Oluşturulma Tarihi: Ocak 21, 2015 11:00
Şişlikle birlikte tutukluk da varsa dikkat!
Romatoid artrit, sebebi bilinmeyen, genetik olarak yatkın bireylerde çeşitli çevresel faktörlerin de etkisiyle ortaya çıkan; başta eklemler olmak üzere vücutta birçok organ ve yapıyı da tutabilen bir hastalıktır. Kadınlarda erkeklere oranla 2-3 kat daha sık görülür ancak ileri yaşlarda bu oranın eşitlendiği bilinmektedir. 16 yaşından sonra ortaya çıkan bu hastalık en sık 30-50 yaşları arasında görülür.
- El bilekleri, dirsekler ve parmak eklemlerinizde ağrı, şişme oluyorsa,
- Özellikle sabahları uyandığınızda ellerinizde tutukluk oluyor ve kullanmada zorluk yaşıyorsanız,
- Son dönemlerde sürekli yorgunsanız,
- Kilo kaybı yaşıyorsanız bir romatoloji uzmanına başvurmanızda fayda var.
Romatoid artritten korunmak için…
- Tütün ürünlerini bırakın: Sigara ve diğer tütün ürünleri romatoid artrit oluşumundan sorumludur.

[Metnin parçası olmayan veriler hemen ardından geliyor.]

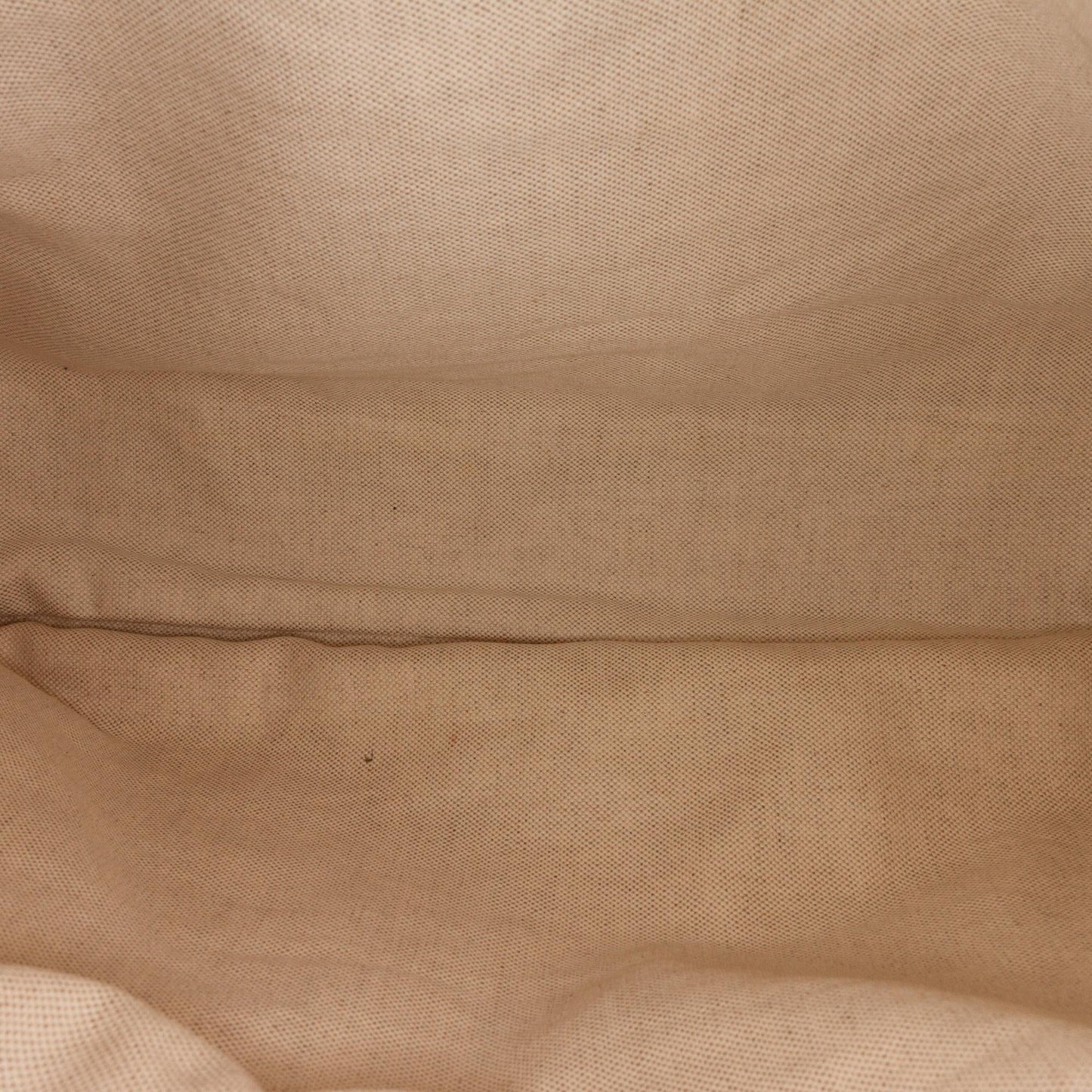 Gucci Large Bamboo Shopper (SHG-xsngj8)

Özellikle ailesinde romatoid artrit olanların sigara içmemesi gerekir. Ankilozan Spondilit olgularında da sigara içilmesi daha ağır hastalık tablosuna yol açabilir. Osteoartrit için sigara içmenin koruyucu olduğu iddia edilmişse de günümüzde bunun aksine kanıtlar daha fazladır.
- Diş eti iltihapları: Dişeti iltihapları da romatoid artrit oluşumundan sorumludur. Bu nedenle en kısa sürede tedavi edilmesi gerekir.
- Egzersiz: Düzenli egzersiz yapılması genel sağlık için olduğu kadar eklem sağlığı içinde zorunludur. Tempolu yürüyüş, yüzme gibi sporlar kemik, eklem ve kas sağlığı için oldukça önemlidir.
- Beslenme: Genel sağlık kuralları dahilinde sağlıklı ve dengeli beslenin. Sık balık (Som, Uskumru, Ton, Sardalya, Lüfer, Morina, Ringa balığı gibi) tüketirseniz A vitamini ve Omega 3 türü maddeleri aldığınız için hem trigliseridleriniz düşer; hem de romatoid artritiniz baskılanabilir. Sebze, meyve ve tahıl tüketin. Günde 5-6 fincandan fazla kahve ve bir bardaktan fazla soda içmeyin. Kemik metabolizmanız zarar görebilir.
- Fazla kilolarınızı verin.
- Stresten kaçının.
- Bu süreçte ilaçlarınızı hangi dozlarda kullanacağınız ve nelere dikkat edeceğiniz konusunda hekiminizle sürekli iletişim halinde olun.
- En ufak bir şüphede hekiminize başvurun.